Acer Nitro 5 hands-on: This RTX 3080 laptop might be a screaming value
Here's a quick look at Acer's new Nitro 5 with Ryzen and an 8GB GeForce RTX 3080 inside.
By Gordon Mah Ung
PCWorldSep 14, 2021 7:30 am PDT
Can you get an 8-core gaming laptop with a GeForce RTX 3080 inside without completely breaking the bank? Yes.
That’s the pitch for Acer’s latest Nitro 5 iteration, at least, which packs an 8-core Ryzen 7 5800H processor, a GeForce RTX 3080 Laptop 8GB GPU, and an ultra-fast 17.3-inch 360Hz panel for $2,099.99 on Amazon. Sure, there’s no optical mechanical keyboard, per key RGB lighting, or fancy magnesium or carbon here (it’s mostly plastic) but for gamers, having a fast CPU and a fast GPU might be all that matters, especially paired with such a speedy screen. Most RTX 3080 laptops cost hundreds more.
Although this isn’t our proper review, we had a chance to run a few tests, which we’ll tease below. First up is the unsurprisingly awesome performance of the 8-core Ryzen 7 5800H using Maxon’s Cinebench R20. The results are dead even with the smaller Acer Nitro 5 we reviewed previously.
The performance of the Ryzen 5000-series is well-established though. We were more interested in seeing where the GeForce RTX 3080 Laptop fell since we haven’t tested one with 8GB instead of 16GB of onboard VRAM yet. More importantly, the GPU is rated at 95 watts of total graphics power (TGP), versus units with far larger thermal budgets.

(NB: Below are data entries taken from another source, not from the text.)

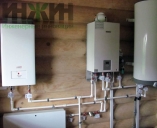 Монтаж котельной в деревянном доме с котлом Bosch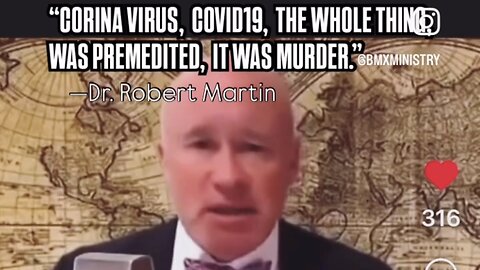 Dr. Robert Martin speaks very clearly with all the facts on the table.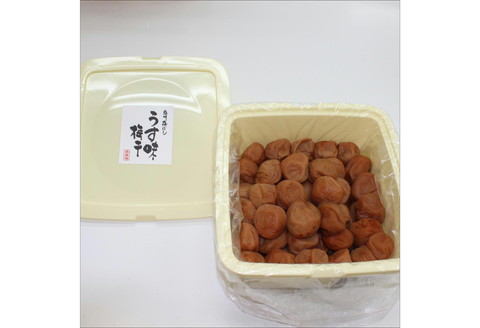 【0510-3】紀州南高梅 うす味梅干 10kg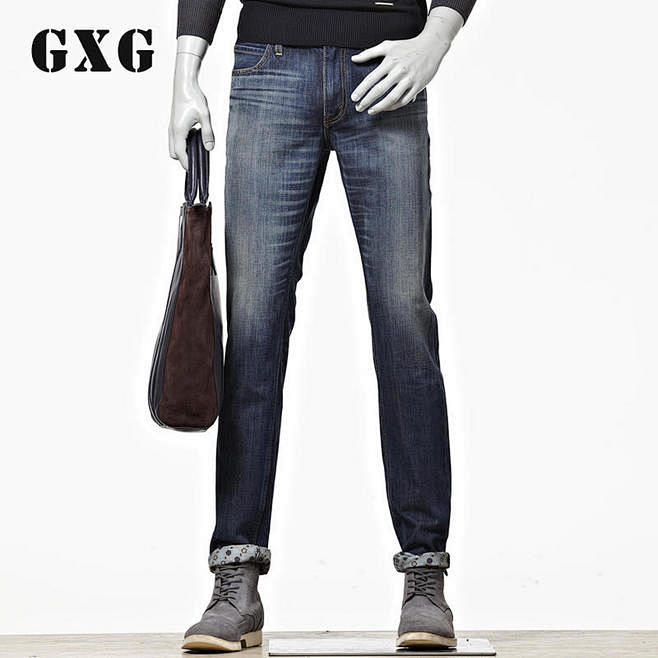 GXG男士时尚牛仔长裤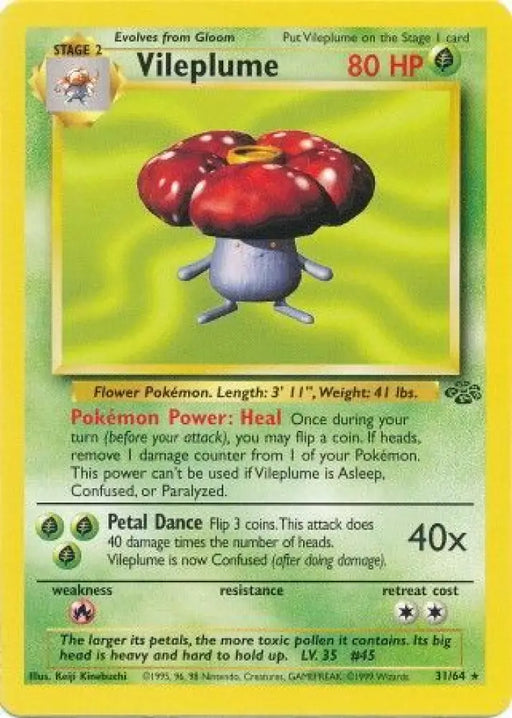 Vileplume (31/64) [Jungle Unlimited] - Pokemon Single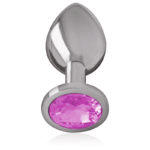 INTENSE – PLUG ANAL EN MÉTAL ALUMINIUM AVEC CRISTAL ROSE TAILLE L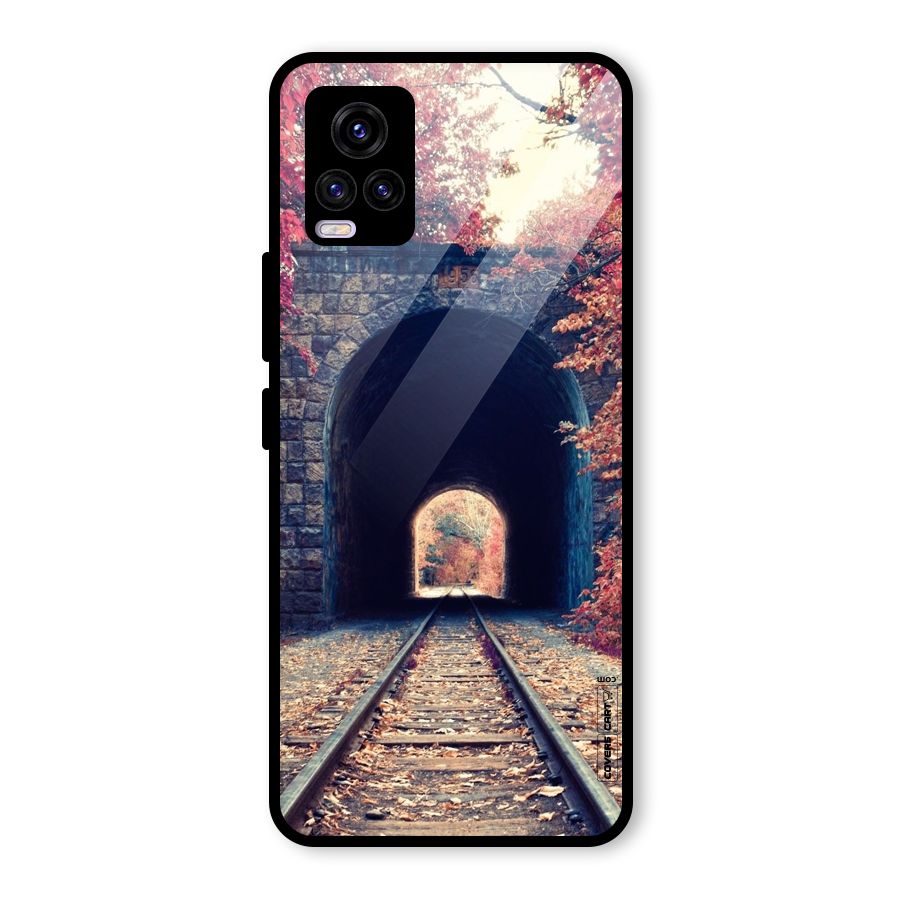Beautiful Track Glass Back Case for Vivo V20 2021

Using the synthetic 3DMark Time Spy test, we can easily ignore the impact of the CPU to concentrate on how the GPU alone handles. Overall, we’d say the 8GB GeForce RTX 3080 did fairly well, with performance comparable to laptops with pricier 16GB versions that are limited to a 105 watt TGP, and even one at a 130 watt TGP.

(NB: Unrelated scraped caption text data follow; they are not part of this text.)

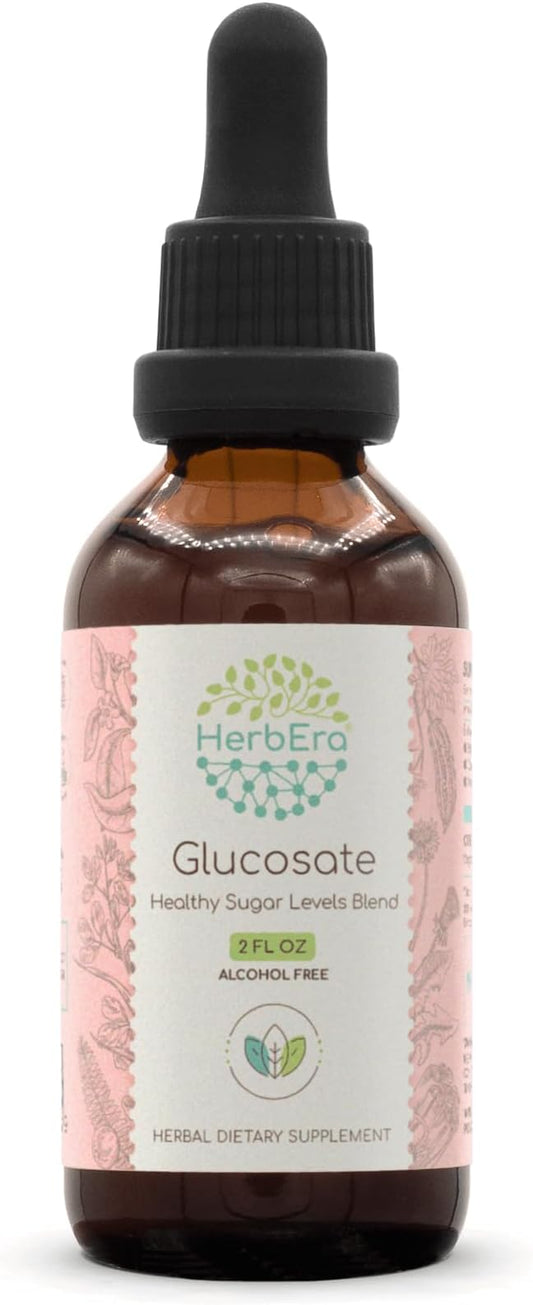 Glucosate B60 Alcohol-Free Extract Tincture, Bitter Melon Fruit, Cinnamon Bark, Dandelion Root, Gymnema Leaf, Fenugreek Seeds, Amla Fruit. Healthy Sugar Levels Blend 2 Fl Oz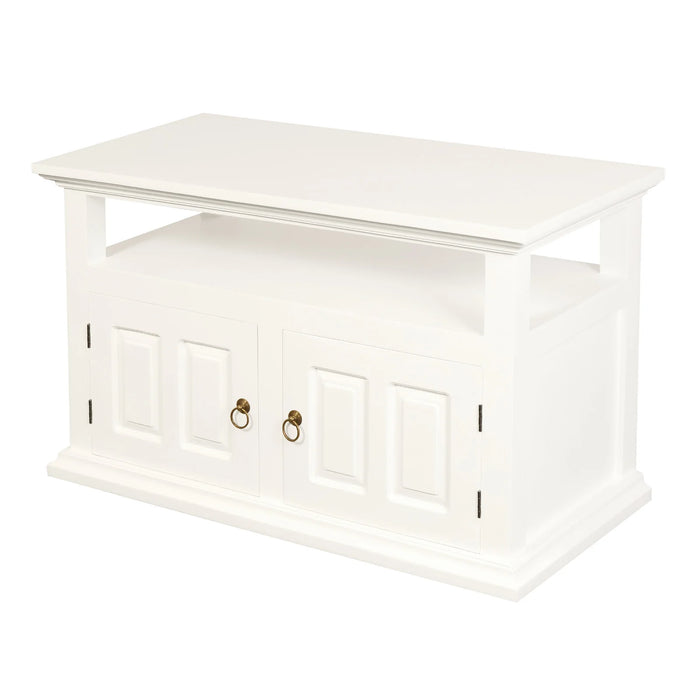 Tasmania 97CM White 2 Door TV Stand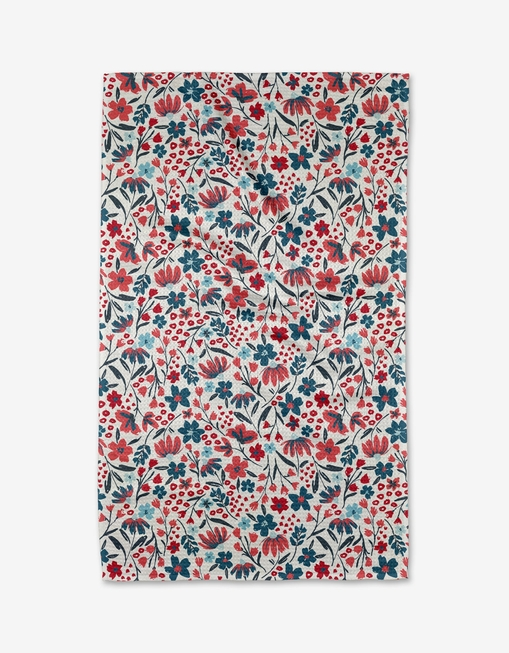 GEOMETRY SUMMER BLOOM TEA TOWEL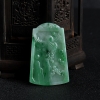 糯种飘翠翡翠大展宏图吊坠-红掌柜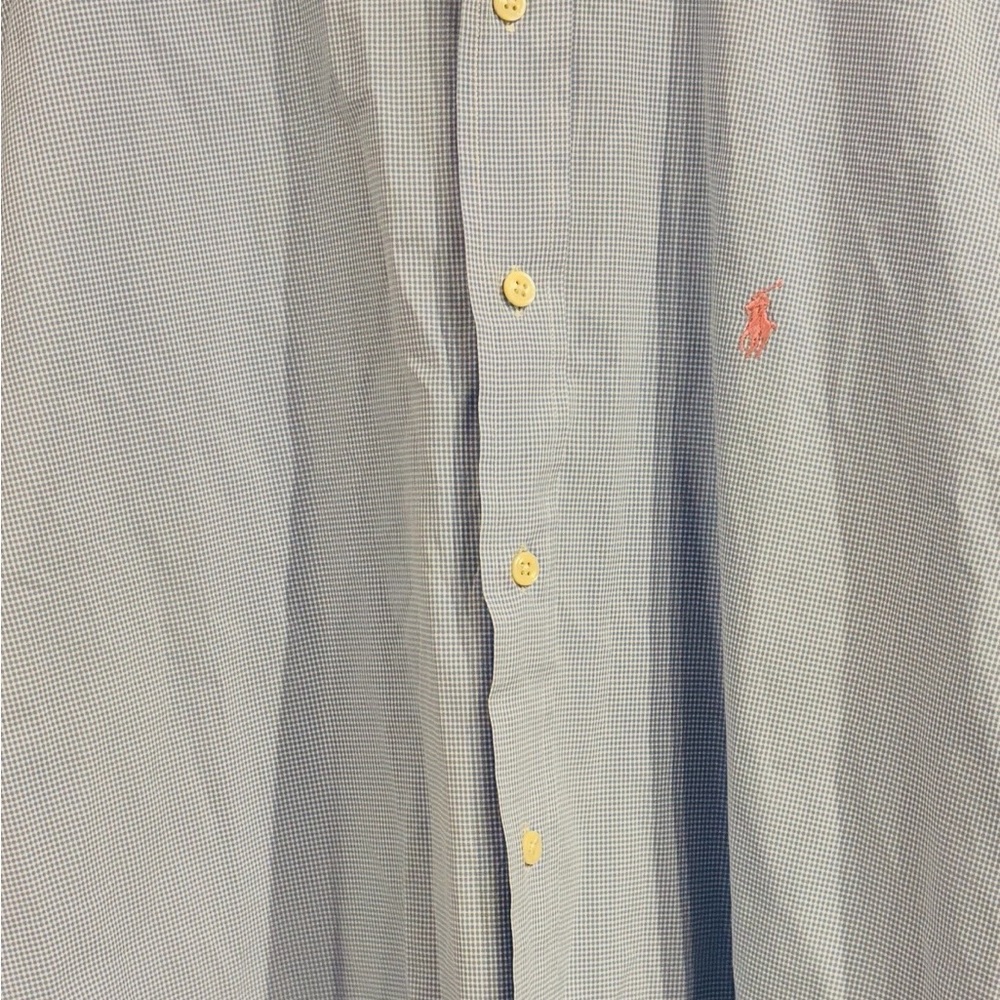 Ralph Lauren Men’s Light Blue Classic Fit Button-Down Shirt 17 - Picture 10 of 10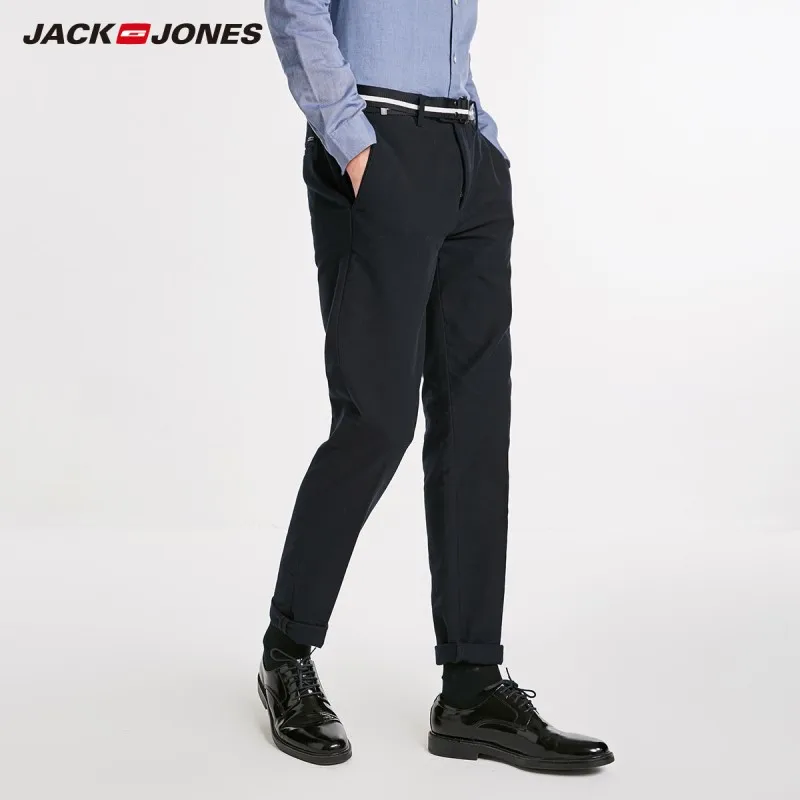 JackJones мужские деловые Умные повседневные Узкие повседневные брюки 218414528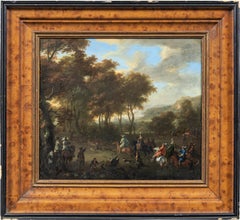 Franz Ferg de Paula(Austria)- Early 18th century landscape painting - Hunt scene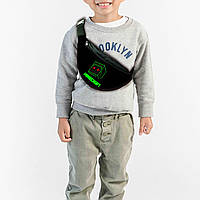 Сумка-бананка детская майнкрафт крипер "Minecraft" с принтом ,32х15см,сумка для мальчика через плечо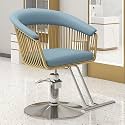 Adjustable Hydraulic Salon Chair with Foot Rest for Professional Hairdressing, Beauty Styling, Barber Shop Use - Ergonomic Design, Durable Upholstery, Modern Look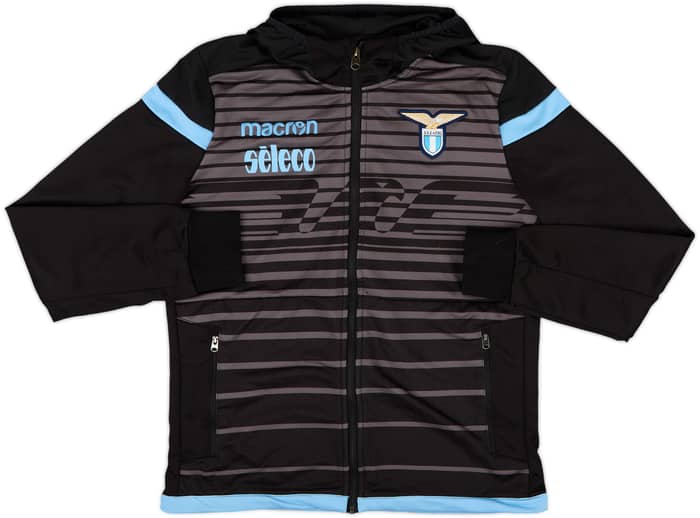 2016-17 Lazio Macron Hooded Track Jacket - 9/10 - (M)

For one last glimpse of the 8GB RTX 3080’s prowess we also ran Chaos Group’s V-Ray 5 test, which lets you render a 3D model on either the CPU, the GPU (supposedly using CUDA), or using the dedicated ray tracing cores of Nvidia’s RTX cards. Performance is again comparable to the 16GB version of the GPU at a 105 watt TGP. So unless you need that 16GB of RAM for something specific, spending more for a 16GB version of the RTX 3080 probably isn’t worth it for most people—especially when paired with 1080p panel.